What you are asked to do: Scan the entries below and count the lines holding the string "javob". Supply only the number.

-- Opening Marker --

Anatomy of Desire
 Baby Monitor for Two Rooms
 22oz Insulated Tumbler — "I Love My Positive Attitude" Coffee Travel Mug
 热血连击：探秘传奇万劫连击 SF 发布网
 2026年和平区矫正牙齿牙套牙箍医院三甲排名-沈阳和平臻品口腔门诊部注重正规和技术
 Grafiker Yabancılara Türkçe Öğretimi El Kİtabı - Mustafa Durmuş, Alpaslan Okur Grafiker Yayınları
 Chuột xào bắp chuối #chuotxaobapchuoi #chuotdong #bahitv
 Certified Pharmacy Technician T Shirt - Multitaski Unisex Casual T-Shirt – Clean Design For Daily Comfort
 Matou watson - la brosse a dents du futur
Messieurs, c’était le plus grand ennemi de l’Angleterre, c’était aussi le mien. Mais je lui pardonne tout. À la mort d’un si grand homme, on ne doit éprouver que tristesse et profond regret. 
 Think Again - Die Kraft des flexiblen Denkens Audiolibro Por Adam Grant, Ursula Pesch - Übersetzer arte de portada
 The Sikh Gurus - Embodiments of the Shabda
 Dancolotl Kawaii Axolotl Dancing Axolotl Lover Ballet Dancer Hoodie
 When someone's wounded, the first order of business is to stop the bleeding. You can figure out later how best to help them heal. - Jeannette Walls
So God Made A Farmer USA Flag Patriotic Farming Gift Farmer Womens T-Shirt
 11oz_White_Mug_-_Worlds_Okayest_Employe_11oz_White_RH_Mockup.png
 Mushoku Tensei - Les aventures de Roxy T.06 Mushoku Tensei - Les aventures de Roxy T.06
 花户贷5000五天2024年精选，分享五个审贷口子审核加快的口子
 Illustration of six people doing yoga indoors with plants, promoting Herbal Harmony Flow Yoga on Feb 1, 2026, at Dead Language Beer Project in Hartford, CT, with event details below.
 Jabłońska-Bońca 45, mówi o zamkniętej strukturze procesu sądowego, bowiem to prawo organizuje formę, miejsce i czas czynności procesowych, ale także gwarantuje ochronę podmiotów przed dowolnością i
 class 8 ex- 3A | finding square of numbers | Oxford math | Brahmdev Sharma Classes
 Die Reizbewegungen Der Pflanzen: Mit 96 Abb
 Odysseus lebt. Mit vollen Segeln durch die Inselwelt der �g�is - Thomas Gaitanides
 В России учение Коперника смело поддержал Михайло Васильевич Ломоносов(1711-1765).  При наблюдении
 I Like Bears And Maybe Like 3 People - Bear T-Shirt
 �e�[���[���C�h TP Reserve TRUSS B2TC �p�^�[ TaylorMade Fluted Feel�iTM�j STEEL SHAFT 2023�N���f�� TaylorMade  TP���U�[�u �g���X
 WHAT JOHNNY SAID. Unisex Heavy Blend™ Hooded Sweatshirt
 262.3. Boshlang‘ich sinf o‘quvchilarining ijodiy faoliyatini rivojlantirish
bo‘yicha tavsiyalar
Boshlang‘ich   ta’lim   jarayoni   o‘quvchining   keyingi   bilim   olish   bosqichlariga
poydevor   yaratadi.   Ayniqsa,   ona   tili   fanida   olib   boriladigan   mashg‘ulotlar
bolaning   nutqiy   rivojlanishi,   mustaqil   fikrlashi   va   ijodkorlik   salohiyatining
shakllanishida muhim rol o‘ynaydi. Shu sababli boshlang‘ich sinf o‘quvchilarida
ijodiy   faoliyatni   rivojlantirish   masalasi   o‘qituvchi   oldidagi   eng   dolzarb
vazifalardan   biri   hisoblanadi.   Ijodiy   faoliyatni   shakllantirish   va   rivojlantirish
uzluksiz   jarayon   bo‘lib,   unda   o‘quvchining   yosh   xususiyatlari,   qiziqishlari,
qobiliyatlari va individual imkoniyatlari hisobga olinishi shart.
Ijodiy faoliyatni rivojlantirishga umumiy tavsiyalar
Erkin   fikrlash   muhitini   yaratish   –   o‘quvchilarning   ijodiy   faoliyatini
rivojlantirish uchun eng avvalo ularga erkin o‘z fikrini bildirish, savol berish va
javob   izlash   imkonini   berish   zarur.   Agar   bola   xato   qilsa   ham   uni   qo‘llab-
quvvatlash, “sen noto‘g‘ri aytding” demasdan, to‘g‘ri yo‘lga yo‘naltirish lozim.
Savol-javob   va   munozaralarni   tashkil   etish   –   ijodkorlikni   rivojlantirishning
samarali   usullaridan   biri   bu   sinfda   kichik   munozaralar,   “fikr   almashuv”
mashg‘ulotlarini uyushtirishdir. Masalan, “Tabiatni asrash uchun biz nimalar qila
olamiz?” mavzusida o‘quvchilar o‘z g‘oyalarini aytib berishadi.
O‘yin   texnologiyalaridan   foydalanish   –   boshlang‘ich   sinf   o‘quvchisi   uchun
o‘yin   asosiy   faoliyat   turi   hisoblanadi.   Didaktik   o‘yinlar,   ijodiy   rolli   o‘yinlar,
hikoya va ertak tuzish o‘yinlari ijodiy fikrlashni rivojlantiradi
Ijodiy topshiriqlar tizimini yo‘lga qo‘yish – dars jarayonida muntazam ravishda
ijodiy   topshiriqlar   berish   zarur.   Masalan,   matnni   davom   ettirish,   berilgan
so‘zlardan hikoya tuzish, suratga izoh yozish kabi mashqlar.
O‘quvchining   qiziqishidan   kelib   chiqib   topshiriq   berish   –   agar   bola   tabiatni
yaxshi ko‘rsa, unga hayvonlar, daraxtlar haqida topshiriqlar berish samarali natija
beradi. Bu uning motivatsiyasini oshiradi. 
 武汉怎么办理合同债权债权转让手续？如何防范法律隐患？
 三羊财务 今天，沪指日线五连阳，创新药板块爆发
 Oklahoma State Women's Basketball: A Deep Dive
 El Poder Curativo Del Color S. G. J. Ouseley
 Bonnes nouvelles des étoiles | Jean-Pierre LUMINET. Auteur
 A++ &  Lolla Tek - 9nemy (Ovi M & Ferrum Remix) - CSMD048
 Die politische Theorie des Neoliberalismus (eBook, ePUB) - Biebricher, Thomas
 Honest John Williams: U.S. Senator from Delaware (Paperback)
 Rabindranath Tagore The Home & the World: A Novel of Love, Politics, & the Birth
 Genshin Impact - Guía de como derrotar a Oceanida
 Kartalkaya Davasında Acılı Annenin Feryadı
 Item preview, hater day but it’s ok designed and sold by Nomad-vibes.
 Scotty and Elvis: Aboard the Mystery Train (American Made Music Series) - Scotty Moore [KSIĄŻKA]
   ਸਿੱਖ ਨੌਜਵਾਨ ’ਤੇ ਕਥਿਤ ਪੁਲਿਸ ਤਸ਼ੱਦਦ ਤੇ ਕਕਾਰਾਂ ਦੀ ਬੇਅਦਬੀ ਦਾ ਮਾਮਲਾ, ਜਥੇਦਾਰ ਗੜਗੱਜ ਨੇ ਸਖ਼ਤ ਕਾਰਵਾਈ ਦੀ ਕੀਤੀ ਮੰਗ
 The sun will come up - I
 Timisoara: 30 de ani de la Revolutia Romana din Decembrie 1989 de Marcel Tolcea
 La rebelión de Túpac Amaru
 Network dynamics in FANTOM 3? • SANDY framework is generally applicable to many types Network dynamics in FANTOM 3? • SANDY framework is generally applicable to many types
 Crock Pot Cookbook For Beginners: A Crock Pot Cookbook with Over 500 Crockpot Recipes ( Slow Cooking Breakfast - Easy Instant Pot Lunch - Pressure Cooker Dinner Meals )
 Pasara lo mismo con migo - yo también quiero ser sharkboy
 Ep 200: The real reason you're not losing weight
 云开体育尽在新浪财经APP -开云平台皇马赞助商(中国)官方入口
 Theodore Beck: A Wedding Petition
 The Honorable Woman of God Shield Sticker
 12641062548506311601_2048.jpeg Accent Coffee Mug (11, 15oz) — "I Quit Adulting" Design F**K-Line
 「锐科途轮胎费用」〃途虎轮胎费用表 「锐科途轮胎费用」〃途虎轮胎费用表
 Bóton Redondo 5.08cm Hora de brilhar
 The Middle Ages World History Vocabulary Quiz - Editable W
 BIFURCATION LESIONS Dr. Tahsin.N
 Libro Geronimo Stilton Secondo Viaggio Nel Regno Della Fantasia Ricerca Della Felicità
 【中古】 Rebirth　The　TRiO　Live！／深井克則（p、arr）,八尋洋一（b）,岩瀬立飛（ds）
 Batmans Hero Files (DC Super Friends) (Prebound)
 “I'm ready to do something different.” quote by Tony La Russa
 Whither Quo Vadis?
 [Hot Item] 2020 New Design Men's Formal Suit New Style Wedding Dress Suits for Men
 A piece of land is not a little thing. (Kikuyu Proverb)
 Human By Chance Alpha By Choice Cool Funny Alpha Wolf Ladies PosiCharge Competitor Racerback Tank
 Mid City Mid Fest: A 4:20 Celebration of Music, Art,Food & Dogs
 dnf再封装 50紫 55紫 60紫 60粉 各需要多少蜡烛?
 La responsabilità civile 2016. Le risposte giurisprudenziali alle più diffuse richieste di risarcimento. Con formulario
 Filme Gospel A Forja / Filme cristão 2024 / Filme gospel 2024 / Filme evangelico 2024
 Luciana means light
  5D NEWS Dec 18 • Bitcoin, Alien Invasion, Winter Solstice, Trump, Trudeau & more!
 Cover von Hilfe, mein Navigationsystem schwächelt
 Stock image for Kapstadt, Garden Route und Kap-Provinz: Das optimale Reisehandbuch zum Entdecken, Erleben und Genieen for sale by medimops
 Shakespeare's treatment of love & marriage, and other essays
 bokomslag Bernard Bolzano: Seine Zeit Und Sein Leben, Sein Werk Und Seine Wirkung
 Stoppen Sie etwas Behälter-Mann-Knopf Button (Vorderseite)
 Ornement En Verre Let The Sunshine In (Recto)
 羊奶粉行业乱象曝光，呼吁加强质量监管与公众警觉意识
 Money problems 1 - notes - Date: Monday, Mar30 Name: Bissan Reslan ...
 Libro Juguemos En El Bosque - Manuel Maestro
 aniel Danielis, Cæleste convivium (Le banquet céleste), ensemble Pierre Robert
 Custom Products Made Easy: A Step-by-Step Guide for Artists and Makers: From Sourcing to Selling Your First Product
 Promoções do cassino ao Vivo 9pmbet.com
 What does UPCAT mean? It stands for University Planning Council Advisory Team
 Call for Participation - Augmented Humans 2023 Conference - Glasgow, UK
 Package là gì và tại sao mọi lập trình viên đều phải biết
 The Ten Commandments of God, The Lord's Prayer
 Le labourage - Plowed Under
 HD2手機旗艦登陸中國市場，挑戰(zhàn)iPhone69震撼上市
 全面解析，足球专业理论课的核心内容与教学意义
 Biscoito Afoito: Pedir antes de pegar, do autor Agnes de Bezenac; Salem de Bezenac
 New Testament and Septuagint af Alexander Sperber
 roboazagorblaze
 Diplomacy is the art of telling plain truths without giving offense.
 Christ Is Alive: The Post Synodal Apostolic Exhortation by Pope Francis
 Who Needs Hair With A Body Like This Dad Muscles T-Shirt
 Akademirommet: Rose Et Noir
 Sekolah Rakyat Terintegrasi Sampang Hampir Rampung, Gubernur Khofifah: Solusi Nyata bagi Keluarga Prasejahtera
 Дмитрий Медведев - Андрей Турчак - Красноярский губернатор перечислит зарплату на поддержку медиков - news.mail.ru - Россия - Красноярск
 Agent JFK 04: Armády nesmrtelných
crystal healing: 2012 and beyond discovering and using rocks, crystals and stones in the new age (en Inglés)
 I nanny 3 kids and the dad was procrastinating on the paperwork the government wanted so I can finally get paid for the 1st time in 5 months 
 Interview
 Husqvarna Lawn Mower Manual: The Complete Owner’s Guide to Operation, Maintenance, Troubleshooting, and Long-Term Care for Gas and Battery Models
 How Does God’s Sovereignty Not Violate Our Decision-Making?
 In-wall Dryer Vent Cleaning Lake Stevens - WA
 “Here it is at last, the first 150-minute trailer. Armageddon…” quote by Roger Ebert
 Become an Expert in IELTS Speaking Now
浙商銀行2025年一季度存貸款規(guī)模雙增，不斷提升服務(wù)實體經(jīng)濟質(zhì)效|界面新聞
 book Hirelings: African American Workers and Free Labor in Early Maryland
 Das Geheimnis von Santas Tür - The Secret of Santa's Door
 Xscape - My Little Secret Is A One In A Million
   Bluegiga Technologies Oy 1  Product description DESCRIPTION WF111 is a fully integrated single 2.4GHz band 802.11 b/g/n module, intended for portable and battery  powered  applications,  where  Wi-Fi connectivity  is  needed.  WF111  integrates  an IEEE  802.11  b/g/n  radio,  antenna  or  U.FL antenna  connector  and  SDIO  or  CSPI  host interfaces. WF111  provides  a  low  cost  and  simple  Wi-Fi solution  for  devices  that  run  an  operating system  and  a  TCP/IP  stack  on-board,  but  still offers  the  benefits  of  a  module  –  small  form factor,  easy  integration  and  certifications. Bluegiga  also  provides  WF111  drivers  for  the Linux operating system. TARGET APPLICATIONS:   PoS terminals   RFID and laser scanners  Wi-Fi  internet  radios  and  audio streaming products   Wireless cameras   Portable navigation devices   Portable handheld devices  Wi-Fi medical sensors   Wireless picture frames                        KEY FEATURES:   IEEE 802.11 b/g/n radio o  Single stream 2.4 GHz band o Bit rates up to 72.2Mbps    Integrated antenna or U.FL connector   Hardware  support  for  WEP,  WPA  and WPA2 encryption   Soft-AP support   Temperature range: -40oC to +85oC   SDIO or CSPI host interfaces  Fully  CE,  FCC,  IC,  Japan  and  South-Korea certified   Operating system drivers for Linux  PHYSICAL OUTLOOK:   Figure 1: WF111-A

-- Closing Marker --

Output for this task: 2